24 Jul, 2004 | TdpComputers

An interesting post recently resurfaced on a forum I frequent and it got me thinking. Software piracy is an issue that concerns many of us, but is cracking down on it going to stifle future generations?

I know I've used less than legal copies of software that was just too expensive for me to buy, but which was the industry standard and I needed to be able to use. I know lots of my friends did too. It was wrong, I don't deny it's akin to stealing, but we're now all buying software (and in some cases developing it for them) from the companies who we were ripping off. I know that many of them offer educational discounts on their software.

The thing is though, with the clampdown on piracy, are we denying the next generation this same access to software, access that will enable them to drive all the related industries on in the future? I would say that yes, we are. You're limiting people's ability to experiment, or putting it back several years, if not cutting it off entirely.

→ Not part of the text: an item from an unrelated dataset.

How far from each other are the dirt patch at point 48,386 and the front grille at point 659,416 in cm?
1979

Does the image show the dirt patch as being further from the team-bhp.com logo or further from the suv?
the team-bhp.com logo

With this in mind, is the open source movement a possible saviour? It was barely launched when I was experimenting (not in that way you perverts), and there was no way to get at it. With the proliferation of high speed net access today open source software is all too easy to get at. There are now open source versions of practically everything. I owe my learning of a server-side scripting language (PHP) and database (MySQL) development to the fact that these products were free and widely available.

Maybe open source is the future for the kids, or maybe we just need to understand that there are beneficial affects to piracy as well as negative ones.